Leading Literacy Case Study

Cathy Davis

Teacher and literacy coordinator, St Kilda Primary School

Motivated and excited by her new skills and knowledge for teaching literacy, Cathy Davis is now responsible for implementing literacy initiatives across the whole school and is enjoying watching the positive impact on students’ skills and confidence.

​​​​Spreading the word on literacy learning

 Cathy Davis, Teacher and literacy coordinator, St Kilda Primary School Cathy Davis enrolled in the Leading Literacy program at Bastow in 2012 as part her new role as literacy coordinator at St Kilda Primary School.

With a background in leading mathematics initiatives, the course seemed the perfect way for Cathy to gain more knowledge about literacy teaching and learning. It also linked perfectly with her professional development leave project on the topic of punctuation and grammar in children’s writing.

As it turned out, Cathy did learn everything she needed to know about the structures and models that support exemplary literacy teaching, but she was also so inspired and so enthused by the course that she literally couldn’t wait to implement her new skills and learning in the classroom.

“I took what I learnt each day straight back to the classroom,” says Cathy. “It influenced how I formed my questions and how I structured a lesson, and it just worked a treat.”

So immediate was the impact on her students’ capabilities and attitudes that it didn’t take long for other staff to notice the dramatic changes.

“Everyone wanted to know what was happening and how these changes could be reflected across the school,” says Cathy. “I’m now out of the classroom one day a week to implement and support the literacy initiatives across the whole school.”

The experience has been a great confidence boost for Cathy, both personally and in her ability to share her new understanding and lead the program.

“Conversations at staff meetings have changed as a result – we are able to reflect on literacy teaching and learning, assess how it’s going and also look at where it’s heading.”

After 34 years as a teacher, Cathy has seen many new teaching and learning practices come and go, but she is convinced that the new literacy strategies that are being implementing at her school are definitely here to stay.

​“This is the most positive change I’ve ever experienced,” says Cathy. “This approach is already starting to lift students’ attitudes and capabilities, and because we are part of a network of schools, this will definitely feed out.” says Cathy.

She loved “every single minute of every Bastow session” and found the opportunity to discuss her research topic with other teachers extremely valuable.

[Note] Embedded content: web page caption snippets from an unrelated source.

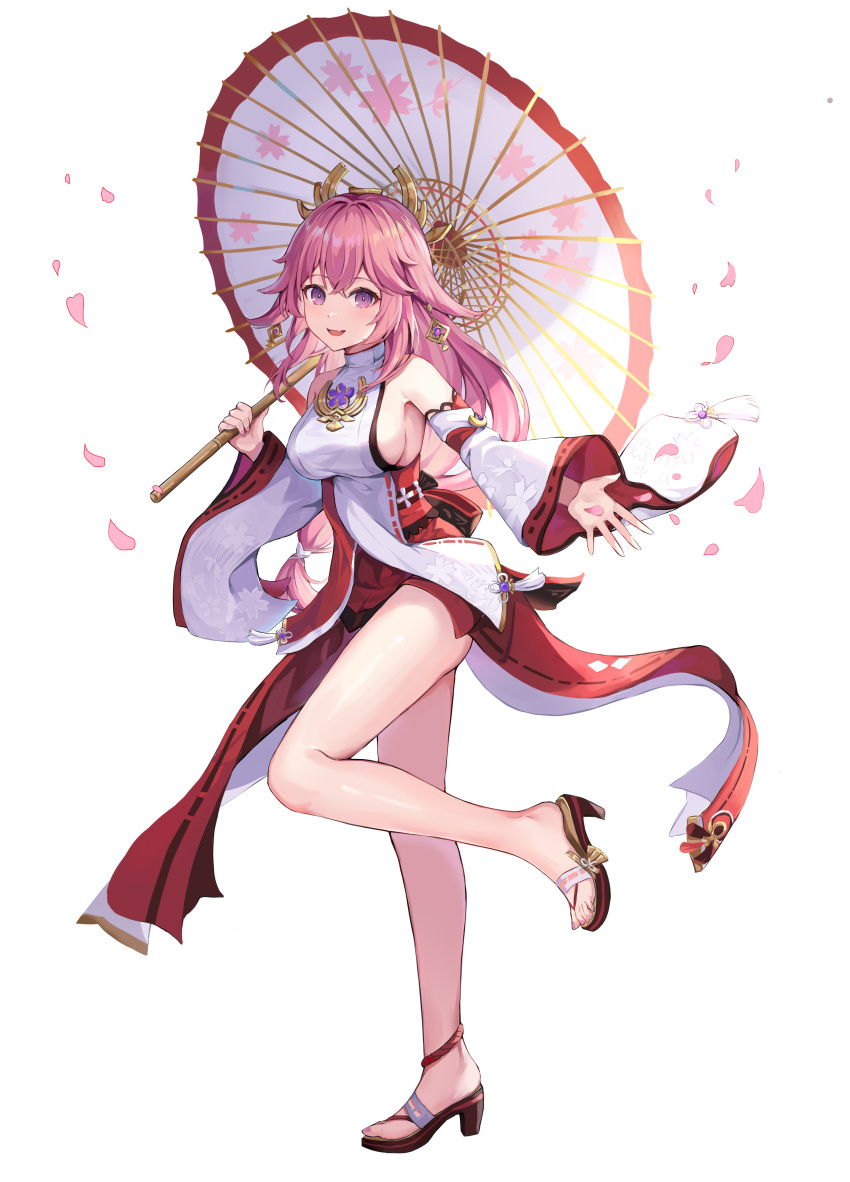 1girl :d absurdres animal_ears armpits bare_legs bare_shoulders breasts cherry_blossoms detached_sleeves earrings fang floppy_ears full_body genshin_impact hair_ornament highres hokori_sakuni holding japanese_clothes jewelry kimono large_breasts leg_up long_hair long_sleeves looking_at_viewer miko oil-paper_umbrella outstretched_arm pink_hair sideboob smile solo standing standing_on_one_leg thighs umbrella very_long_hair violet_eyes white_kimono wide_sleeves yae_(genshin_impact) zouri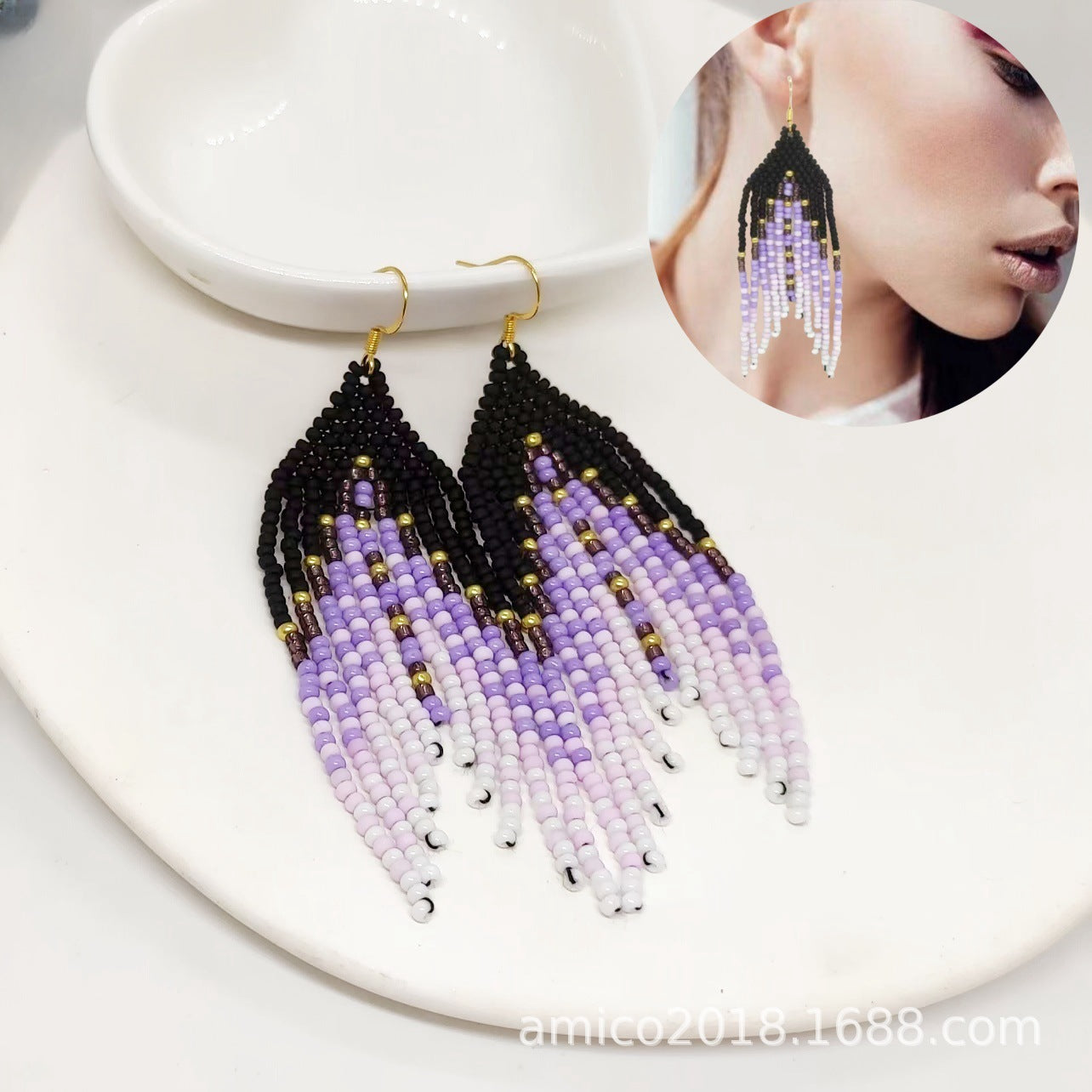 Boho Ombre Purple & Black Seed Bead Fringe Dangle Earrings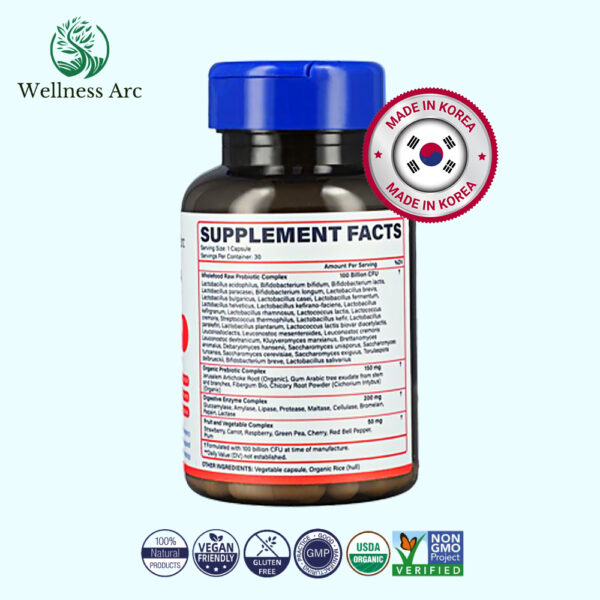 Wellness Arc Singapore Probiotics 100 Billion CFU / 34 Strains with L. Acidophilus + Prebiotic Make in Korea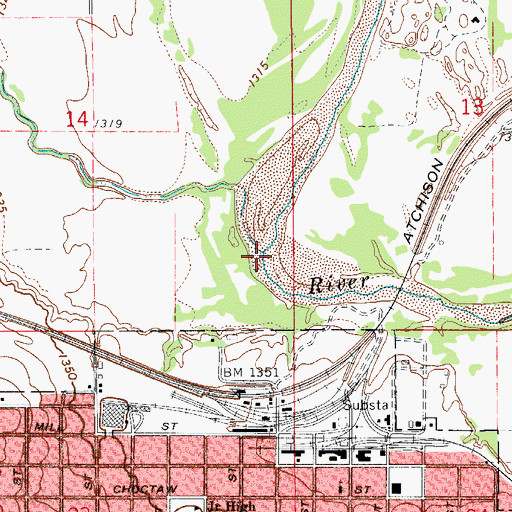 Topographic Map of Turkey Creek, OK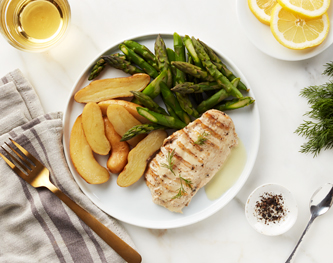 FreshDirect Grilled Chicken with Potatoes & Asparagus, Single Serving Meal
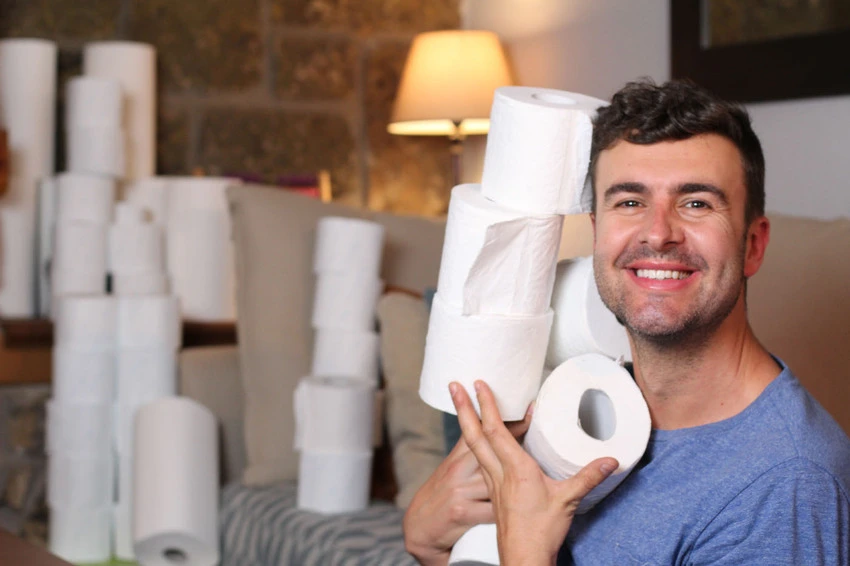Happy to be surrounded by toilet roll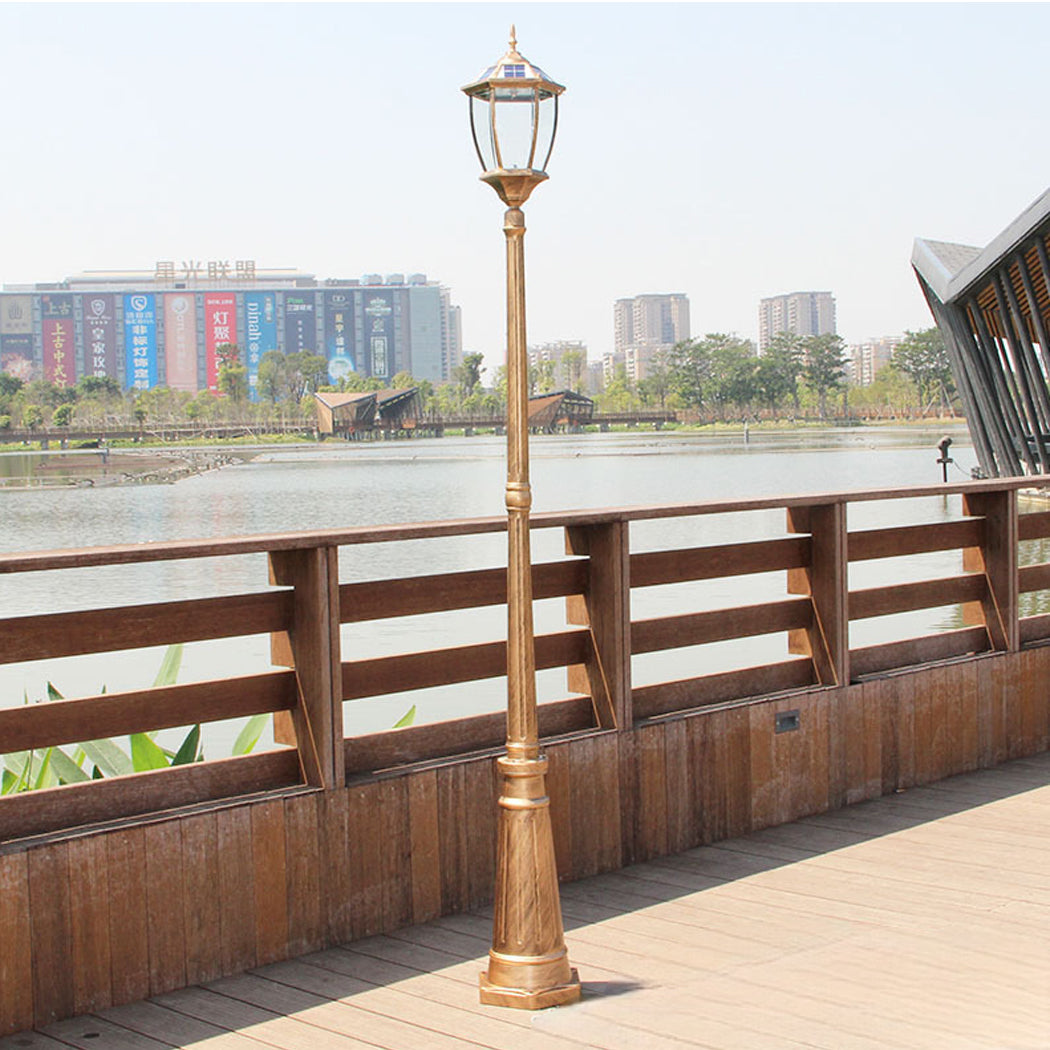 Victorian Solar Lamp Post – Antique Bronze Lantern with Clear Glass Premium Classic Outdoor Column Light for Garden, Lawn & Walkway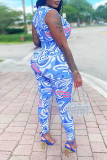Red Sexy Print Patchwork V Neck Skinny Jumpsuits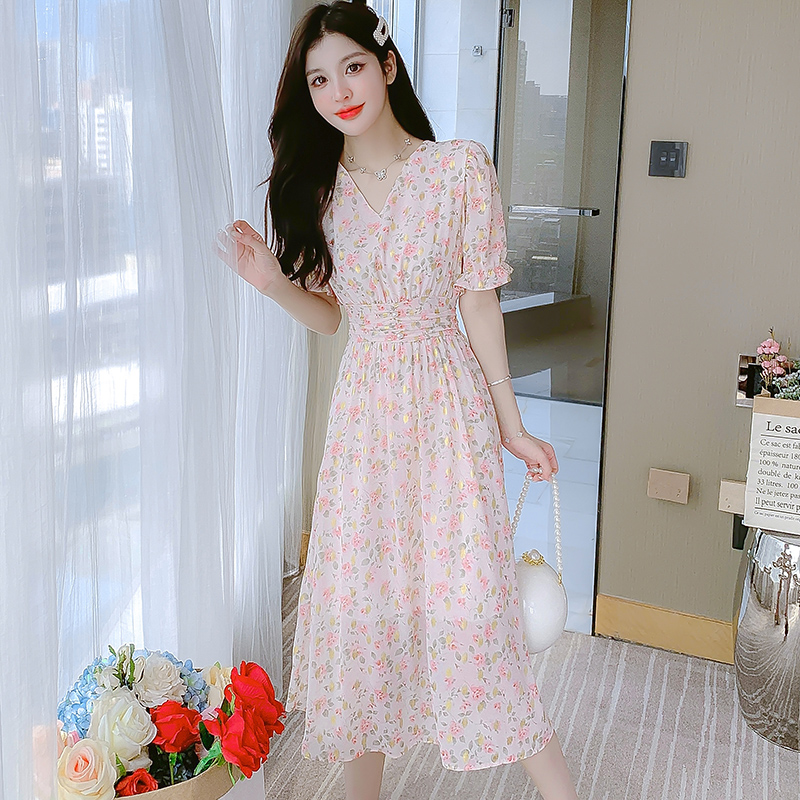 2022 Summer Chiffon Short Sleeve V Neck Floral Print A Line Long Dress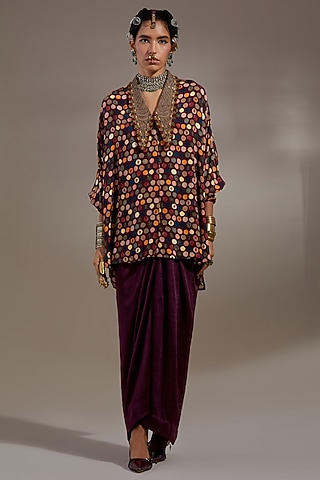 Jamuni-Colored Crushed Silk Skirt Set by ASEEM KAPOOR
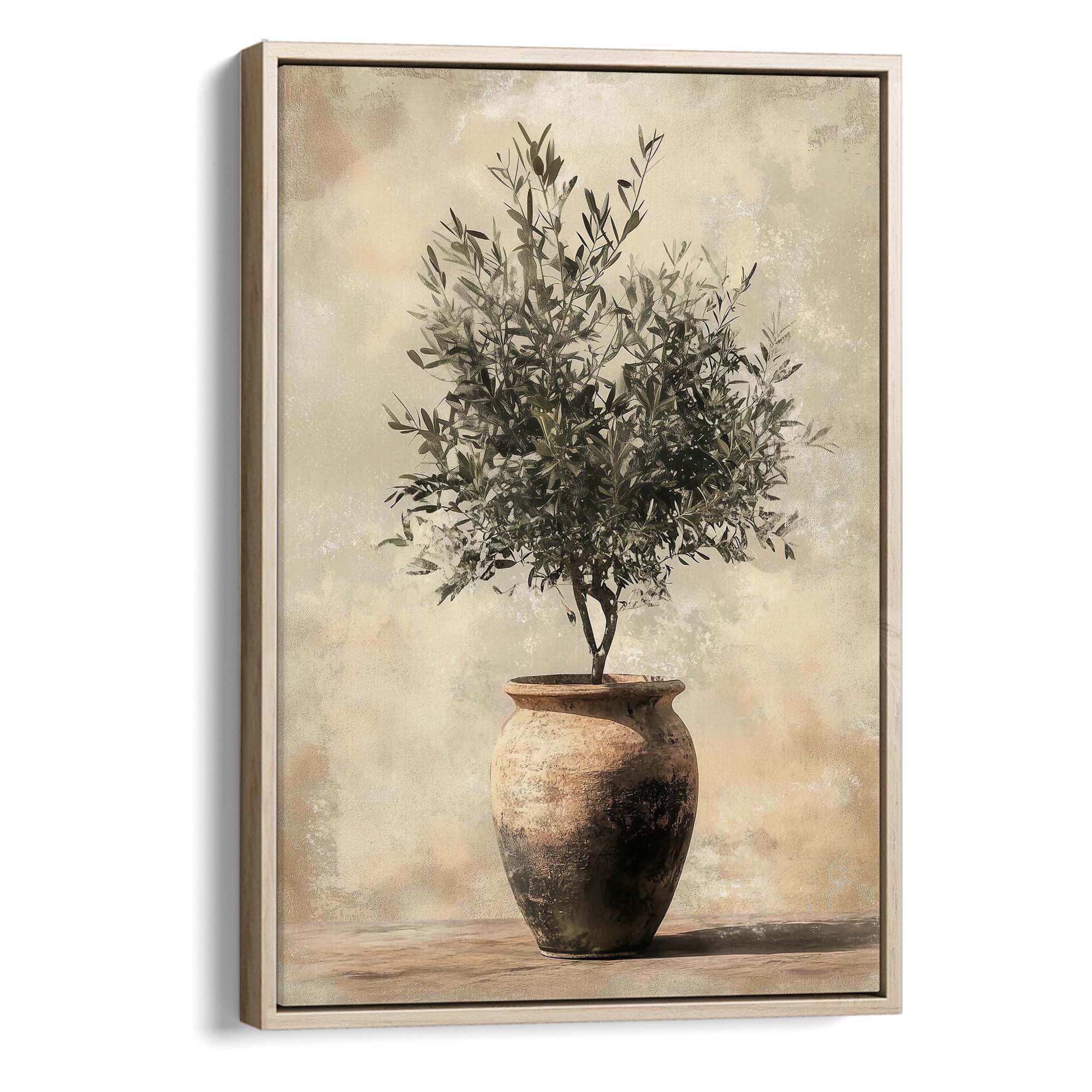 Vintage Olive Pot No.3 Canvas Print Natural Wall Art - Melrose Editions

She was also very impressed by the facilitators’ knowledge, expertise and ability to make complex information highly accessible.

“They gave us a broad, well-rounded picture of literacy – it put everything into perspective and all the resources were just fabulous.”

But Cathy’s new passion for literacy is nowhere more apparent than when she talks about the impact on the students.

“We had one little boy who read this most amazing story at the end of last year – the depth that he achieved and just how happy he was with it – I had tears in my eyes,” says Cathy.

​“That’s the best thing – students finish the year viewing themselves as writers - good writers - and really believing in their writing.”